*EXERCISE DETAILS*: Look below for the line with "Woman’s Black faux". Retype it and every line after it to the end, exactly, but leave out the pictures.

[Source records]
___
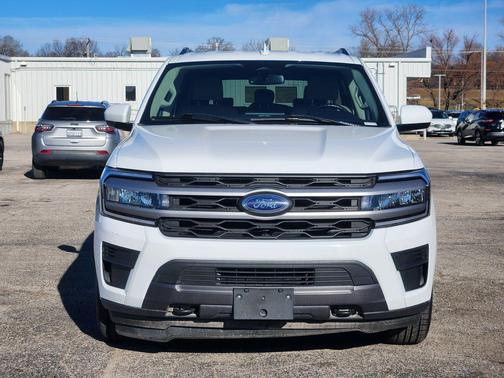 2023 Ford Expedition Max XLT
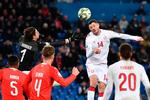 Langt inde i overtiden scorede Henrik Dalsgaard sit første mål på landsholdet, da han hoppede højere end den schweiziske målmand Yann Sommer.
   Foto: Fabrice Coffrini/Ritzau Scanpix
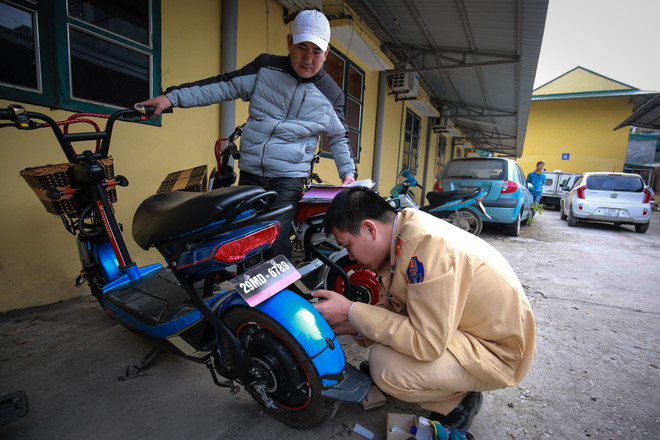 Ngày đầu đăng ký xe máy điện ở Hà Nội: 43 xe được gắn biển ảnh 1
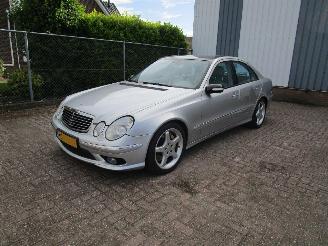 krockskadad bil auto Mercedes E-klasse 500 V8 Navi Leder Clima 2003/2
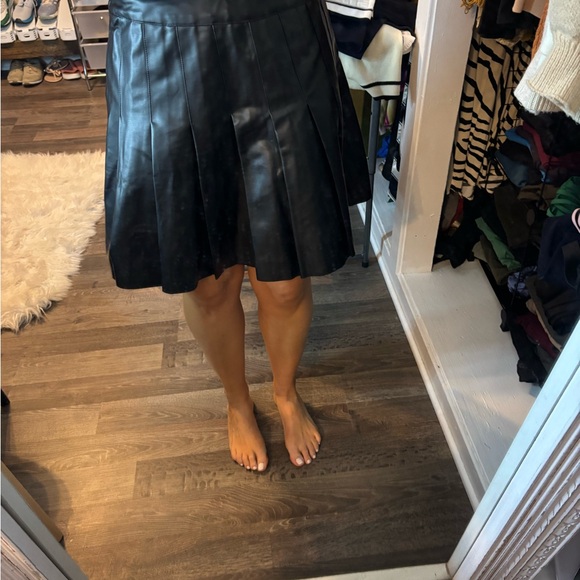Woman’s Black faux pleated leather skirt - Picture 2 of 9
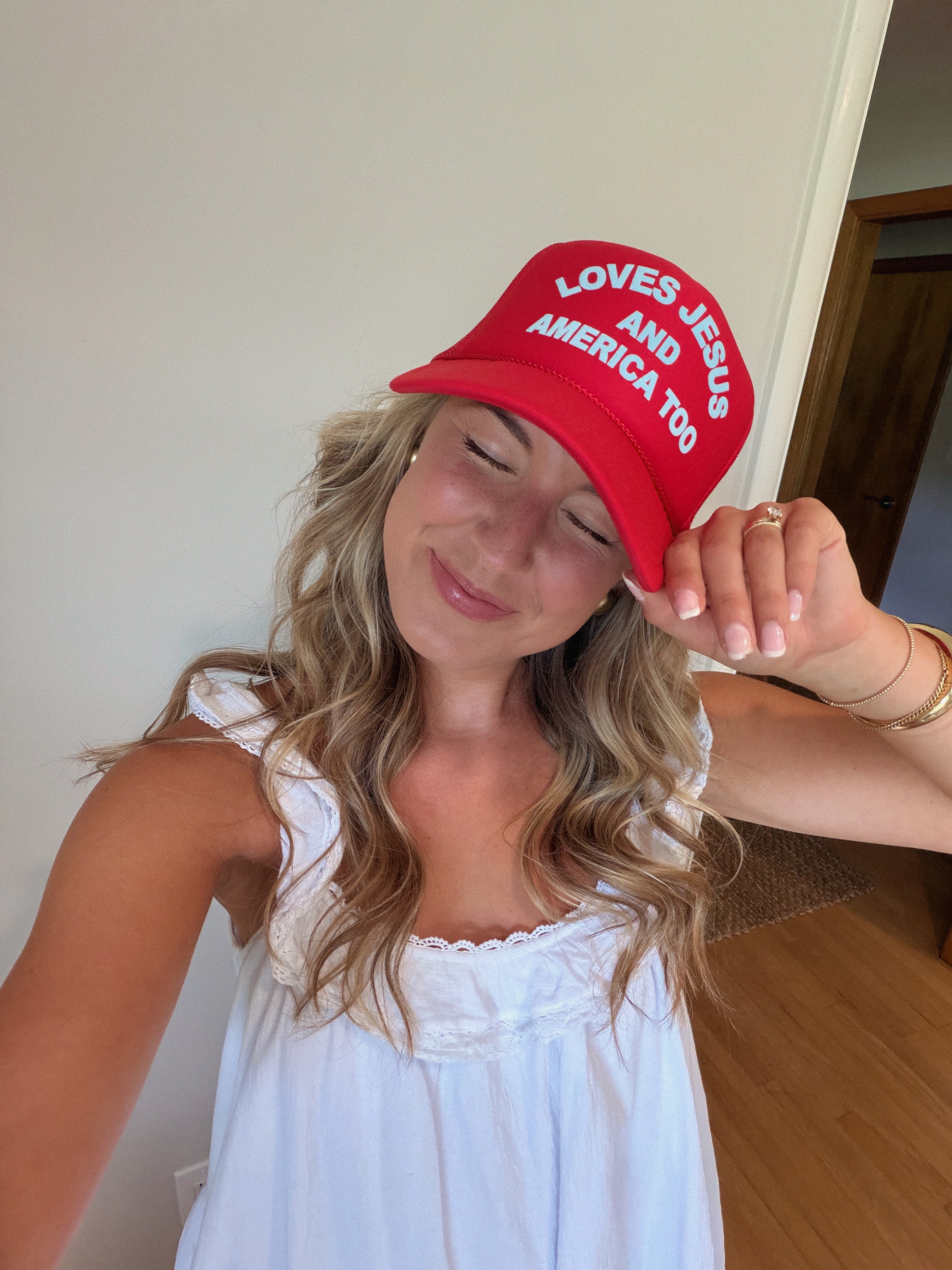 Loves America Too Baseball Cap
___
*SOLUTION*:
Woman’s Black faux pleated leather skirt - Picture 2 of 9
 Loves America Too Baseball Cap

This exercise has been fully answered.